Recent enthusiasm behind the concept of a Green New Deal, a massive legislative effort to create clean energy jobs, modernize the electric grid, decarbonize the transportation sector, and transition to renewable energy sources, stems largely from dissatisfaction with the federal government’s response to the climate crisis, especially during the Trump era. In addition to his withdrawal from the Paris Agreement and rollback of keystone protections for clean air and water, President Trump has spent an inordinate amount of time and money propping up shrinking fossil fuel industries at the expense of good-paying jobs in clean energy. He has been a singularly damaging figure, standing in the way of responsible environmental stewardship and improved public health.
But bad environmental policy did not start in 2016. Congress has long been an impediment to a proactive approach, and the Republican Party’s hostility to even the most marginal action to reduce emissions is both irresponsible and dangerous. However, the new Democratic House majority is in a strengthened position to stop the current backsliding on environmental protection and clean air regulation.
It is my hope that the recent dire reports of coming climate impact help galvanize the energy needed to achieve a sweeping, economy-wide policy solution: namely, pricing carbon.
Taking a free market approach to emissions reductions, and supplying regulatory certainty by putting a price on carbon pollution that reflects its social cost, is the most effective way to deal with greenhouse gasses across the economy. It lets firms find the emissions solutions right for them. Perhaps more importantly, a carbon price makes the costs of climate change more real and more relevant, which will undoubtedly inform consumer choice and inspire behavioral change from the world’s largest emitters. If consumers start making purchasing decisions based upon the global impacts of those purchases, we’ll see the economy reform much more quickly than through regulation.

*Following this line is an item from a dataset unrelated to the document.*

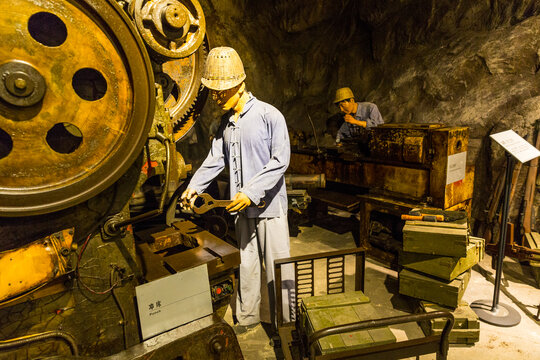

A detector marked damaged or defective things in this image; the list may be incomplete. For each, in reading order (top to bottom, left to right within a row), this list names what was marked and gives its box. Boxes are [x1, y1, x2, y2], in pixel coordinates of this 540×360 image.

Luckily, pricing carbon isn’t the only solution on the table.
As we continue to produce greenhouse gases at an unsustainable pace, the likelihood that we will need to rely on technology to help dig us out of this mess increases. Through its annual appropriations, Congress, frequently in a bipartisan fashion, has provided substantial funding for crucial R&D programs within the Department of Energy. These include the energy efficiency and renewable energy office and ARPA-E, the energy equivalent of the Pentagon’s advanced innovation incubator that spawned, among other things, the internet.
More focus on fostering innovation is needed, and the public sector is best positioned to make the investments necessary to get that done. With government support, private companies have led the way on innovations like direct air carbon capture, grid efficiency, and clean power generation to great effect. U.S. emissions have successfully decoupled from GDP growth, thanks in large part to a reduction in power consumption despite an increase in the number of users.
Perhaps more than any other potential innovation, improved energy storage can revolutionize our approach to climate change. Battery technology has only improved at the margins for nearly a generation, but significantly improved storage can open the door to massively scaling up of variable power generation sources like wind and solar, make electrification of the transportation sector more viable, and provide the energy reliability that proponents of fossil generation claim only resources like coal can provide.
One of our most important assets in the fight against climate change is our ability to attack the problem from multiple angles at once, and improved technology is an important piece of the puzzle.
It should be abundantly clear that we are well past the time for equivocation and inaction on climate change. 2018 was an abject failure in both policy to address the climate crisis and in real-world emissions reductions to combat it, both in the United States and globally. We cannot afford another year like that. Behavior change, perhaps spurred by a price on carbon, is the ultimate goal and the long-term solution, but technological advancements, funded by Congress and overseen by scientists and inventors in the federal government, can give us more time to take the steps needed to curb emissions in the direction of a low carbon, high-growth economy.